Propagate the hidden layer to output.
Find error and its derivative, store it in a list
Back propagate
Find current layers and errors from list
Find current hidden layer error
Store weight updates
Update weights (matrices) by multiplying them by learning rate.
Is this the correct way to do it? I want real numerical values as output, instead of a number between 0-1.
It seems to be the correct way to do it, if you are just wanting to learn the basics. If you want to build a neural network for practical use, this is a very poor approach and as Marcin's comment says, almost everyone who constructs neural nets for practical use do so by using packages which have an ready simulation of neural network available. Let me answer your questions one by one...
I don't know how to decide on how many neurons the hidden layer will have.
There is no golden rule to choose the right architecture for your neural network. There are many empirical rules people have established out of experience, and the right number of neurons are decided by trying out various combinations and comparing the output. A good starting point would be (3/2 times your input plus output neurons, i.e. (10+1)*(3/2)... so you could start with a 15/16 neurons in hidden layer, and then go on reducing the number based on your output.)
What should I use as activation function?
Again, there is no 'right' function. It totally depends on what suits your data. Additionally, there are many types of sigmoid functions like hyperbolic tangent, logistic, RBF, etc. A good starting point would be logistic function, but again you will only find the right function through trial and error.

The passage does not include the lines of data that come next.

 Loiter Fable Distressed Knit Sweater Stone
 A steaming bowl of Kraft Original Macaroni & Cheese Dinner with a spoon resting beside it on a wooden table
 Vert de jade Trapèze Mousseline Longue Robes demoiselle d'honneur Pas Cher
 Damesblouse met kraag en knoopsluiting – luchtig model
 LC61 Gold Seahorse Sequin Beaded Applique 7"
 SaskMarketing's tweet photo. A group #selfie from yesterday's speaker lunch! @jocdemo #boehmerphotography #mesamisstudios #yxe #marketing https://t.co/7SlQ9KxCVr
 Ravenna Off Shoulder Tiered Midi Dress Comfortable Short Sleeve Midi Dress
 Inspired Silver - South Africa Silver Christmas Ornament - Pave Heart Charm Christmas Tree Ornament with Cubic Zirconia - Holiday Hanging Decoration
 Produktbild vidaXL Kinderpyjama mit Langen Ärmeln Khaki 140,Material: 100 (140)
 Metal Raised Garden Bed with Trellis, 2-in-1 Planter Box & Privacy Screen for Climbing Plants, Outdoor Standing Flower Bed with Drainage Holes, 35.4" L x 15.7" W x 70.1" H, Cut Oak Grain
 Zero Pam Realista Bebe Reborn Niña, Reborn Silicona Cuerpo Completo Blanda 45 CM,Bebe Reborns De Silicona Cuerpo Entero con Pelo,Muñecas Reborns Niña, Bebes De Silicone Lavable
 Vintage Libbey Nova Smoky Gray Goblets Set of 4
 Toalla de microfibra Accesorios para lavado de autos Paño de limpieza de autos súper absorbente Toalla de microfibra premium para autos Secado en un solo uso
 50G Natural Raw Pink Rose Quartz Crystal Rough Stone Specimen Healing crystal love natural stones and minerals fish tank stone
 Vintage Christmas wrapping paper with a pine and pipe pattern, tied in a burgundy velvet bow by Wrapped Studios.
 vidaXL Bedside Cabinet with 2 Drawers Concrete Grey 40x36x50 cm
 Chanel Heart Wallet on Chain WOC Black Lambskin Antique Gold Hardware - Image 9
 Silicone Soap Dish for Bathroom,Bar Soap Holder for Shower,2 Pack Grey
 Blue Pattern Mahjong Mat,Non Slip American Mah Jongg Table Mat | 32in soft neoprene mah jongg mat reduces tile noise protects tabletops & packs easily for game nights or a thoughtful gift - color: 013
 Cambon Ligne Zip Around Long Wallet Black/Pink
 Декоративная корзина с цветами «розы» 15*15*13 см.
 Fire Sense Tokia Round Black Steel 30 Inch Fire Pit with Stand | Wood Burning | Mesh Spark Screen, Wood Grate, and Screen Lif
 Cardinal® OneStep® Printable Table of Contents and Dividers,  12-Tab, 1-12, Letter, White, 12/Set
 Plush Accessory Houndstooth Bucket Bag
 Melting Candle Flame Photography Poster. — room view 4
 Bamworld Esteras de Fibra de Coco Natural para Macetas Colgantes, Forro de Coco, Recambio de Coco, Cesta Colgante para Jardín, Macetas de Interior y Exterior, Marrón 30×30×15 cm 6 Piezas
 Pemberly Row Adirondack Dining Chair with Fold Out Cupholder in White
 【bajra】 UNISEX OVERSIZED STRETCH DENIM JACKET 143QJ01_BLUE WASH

Is this the correct way to do it? I want real numerical values as output, instead of a number between 0-1.
All activation functions(including the one assigned to output neuron) will give you an output of 0 to 1, and you will have to use multiplier to convert it to real values, or have some kind of encoding with multiple output neurons. Coding this manually will be complicated.
Another aspect to consider would be your training iterations. Doing it 'n' times doesn't help. You need to find the optimal training iterations with trial and error as well to avoid both under-fitting and over-fitting.
The correct way to do it would be to use packages in Python or R, which will allow you to train neural nets with large amount of customization quickly, where you can train and test multiple nets with different activation functions (and even different training algorithms) and network architecture without too much hassle. With some amount of trial and error, you will eventually find the net that gives you desirable output.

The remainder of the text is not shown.